**WHAT TO PRODUCE**
Make an exact copy of the records, dropping all pictures.

**RECORDS SHOWN**

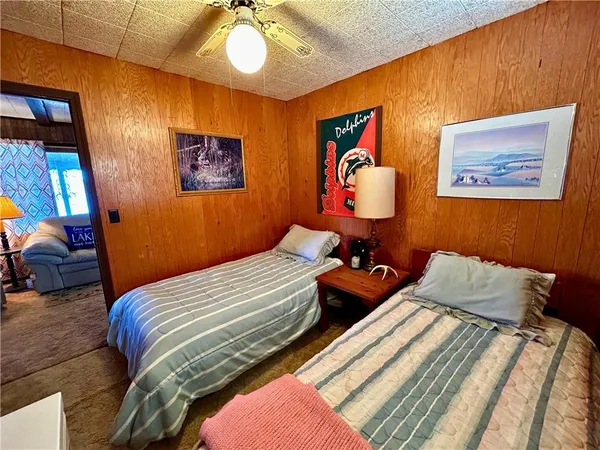 $279,000 | 30643 Rosey Lane, Edwards, MO 65326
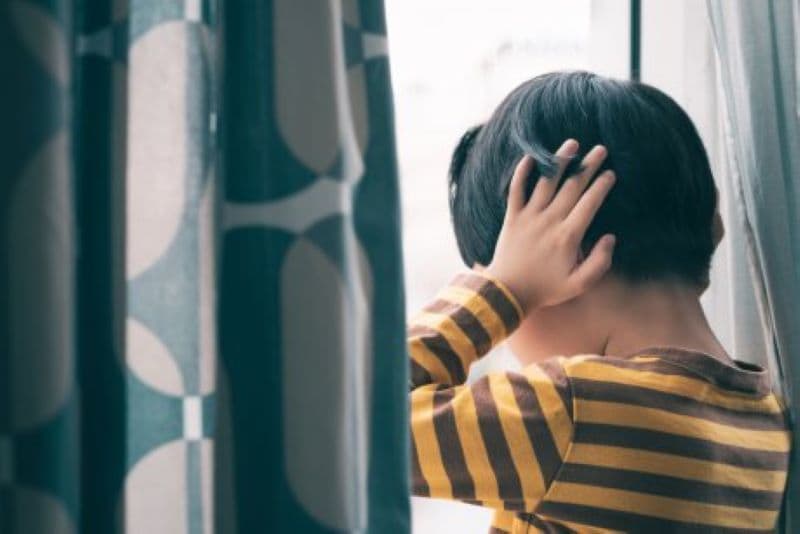 Copiii și adulții cu autism vor beneficia de la 1 octombrie de terapie decontată de CNAS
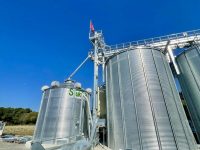 cellule sécheuse sukup agriconsult extérieure et 3 silos à fond plat en suisse cellule sécheuse sukup agriconsult extérieure et 3 silos à fond plat en suisse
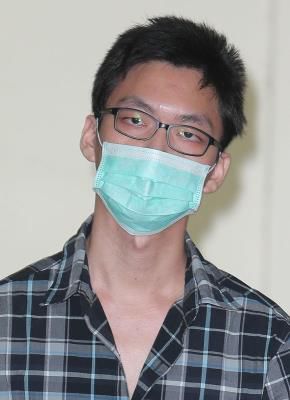 台北地鐵殺人案:鄭捷當庭向老師道歉 稱讓其失望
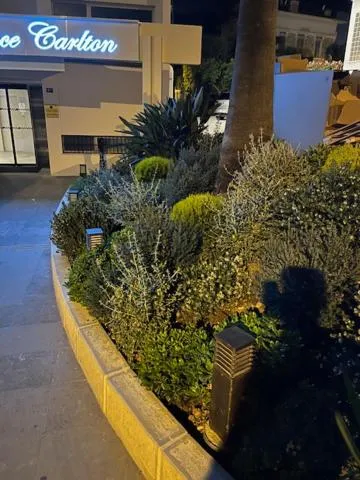 Facade/entrance in Résidence Carlton - Rénovée avec Piscine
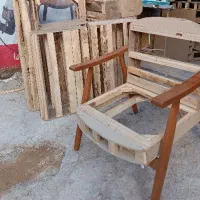 نیازمندبه رنگ کارمبلمان و چوب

**SOLUTION TO THIS TASK**
 $279,000 | 30643 Rosey Lane, Edwards, MO 65326
 Copiii și adulții cu autism vor beneficia de la 1 octombrie de terapie decontată de CNAS
 cellule sécheuse sukup agriconsult extérieure et 3 silos à fond plat en suisse cellule sécheuse sukup agriconsult extérieure et 3 silos à fond plat en suisse
 台北地鐵殺人案:鄭捷當庭向老師道歉 稱讓其失望
 Facade/entrance in Résidence Carlton - Rénovée avec Piscine
 نیازمندبه رنگ کارمبلمان و چوب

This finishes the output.